Ok, now, let’s get to those flying cars.
But first, the main Central Park Loop. After all, that’s what everyone thought they were getting. You see, while the Zwift New York Courses at this point does stay fully within Central Park (ok, it goes briefly one block away), it doesn’t do so totally at ground level. Instead, Zwift has basically built two levels.
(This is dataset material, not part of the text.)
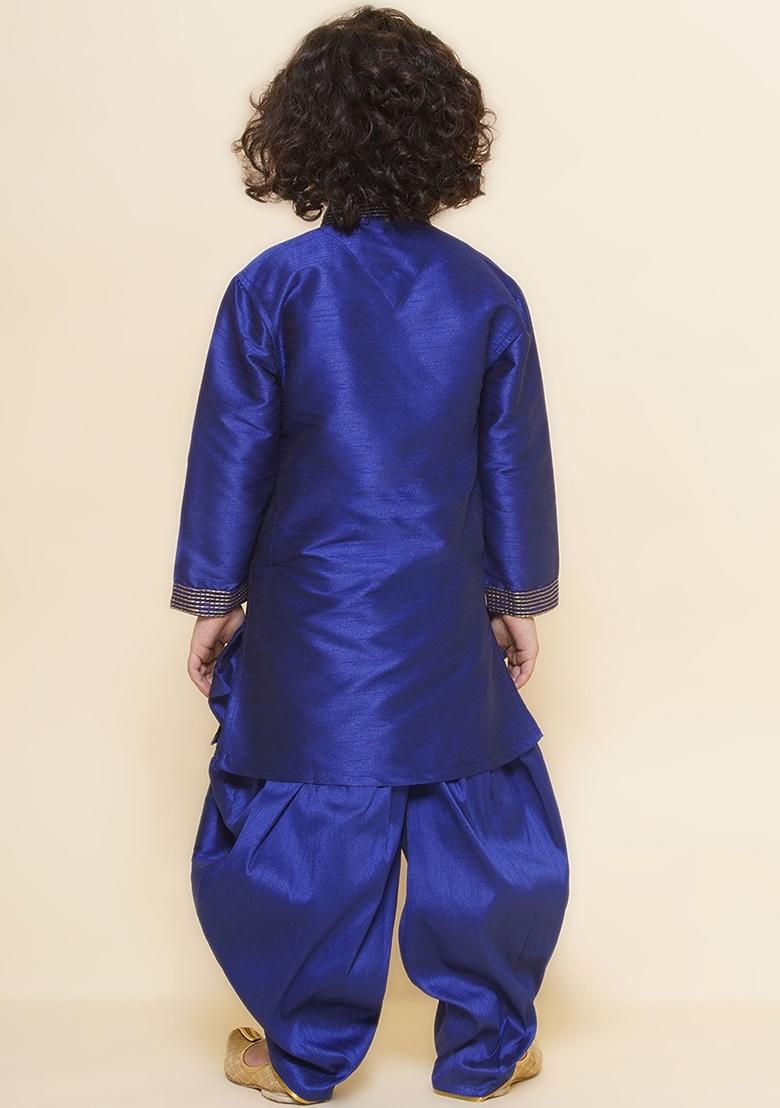 Royal Blue Embroidered Silk kurta Set For Boys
The lower level is pretty much NYC’s Central Park as you know and love it, while the upper level is fictional and futurist. Of course, both levels can see each other. It’s simply the upper one floats above the lower one on elevated roadways. First, here’s a gallery of screenshots from my loop riding around the lower portion – which is essentially the main roads of Central Park that I’ve run (and ridden) countless times before in real life.
But like other Zwift maps, you can choose one of the various turn-offs to go up onto the elevated roadways, which resembles good ol’ F-Zero from back in the day. My brother and I used to play that game non-stop as kids on SNES. Probably my favorite game.
Once up on these elevated roadways you see just how futuristic Zwift has made New York City. There are flying cars, crazy bus-monorail floaty things, and pigeons. Because pigeons never die.
While the vast majority of this elevated section occurs within the boundaries of Central Park, there are some portions that leave it. For example this piece that briefly goes a block away to float at mid-building level:
Here’s a complete gallery of some of this upper portion from my ride:
As you can see – certainly futurist. What isn’t futurist though is me getting the sprint jersey, ever. Instead, that’s just the beauty of riding the course at a time when nobody else is riding it. Zero peoples. Which is pretty much the only time I’ll ever get that.
But then I doubled-down on that and also got the route record (lap record) holders jersey too! It’s orange. And they even split across my back to showcase my awesomeness:
Again, the fact that I was the only one racing isn’t important here. What’s important is that I won.
Oh, speaking of winning – here’s a bit of a gallery from the run route too around the lake. That’s the portion that’s runners only. It’s very…quiet.
And yes, all of this should be available at this very moment for you, hot dog stands and all. You’ll need to update your app though across whatever devices you’re using.
There’s no doubt that the New York City course is a welcome addition. It brings us our second course in just a handful of months – a big change from previous years. Of course, it probably won’t appease everyone – but I can’t imagine too many that will be upset by it.
The bigger question in some ways is where Zwift goes from here. Certainly they have plans for world domination, but I can’t help but think that this shows the importance of having functionality like world (map) switching. When I checked in last night there were nearly 4,000 people on Zwift concurrently. And while that might work on a larger map like Zwift Island, it’s less practical on smaller roadway courses like Innsbruck and New York City, which only have about 25KM of roads each. And it’s not even winter yet.
The other aspect I’d like to see Zwift focus on is upping their training game. Certainly the focus on structured training over the past year is good – but I can’t help but feel they’re still lagging behind what others are doing in terms of dynamically looking at performances and suggesting workouts that best fit to that. There are some amazing things that Xert, TrainerRoad, and SufferFest are doing around the holistic aspect of training that Zwift could take cues from.
Still, today’s addition should keep things fresh for a while to come. Plus, who doesn’t like a route named the ‘Everything Bagel’? If only I could get good NYC bagels here in Amsterdam. Mmm…bagels.
With that – thanks for reading and have a good weekend!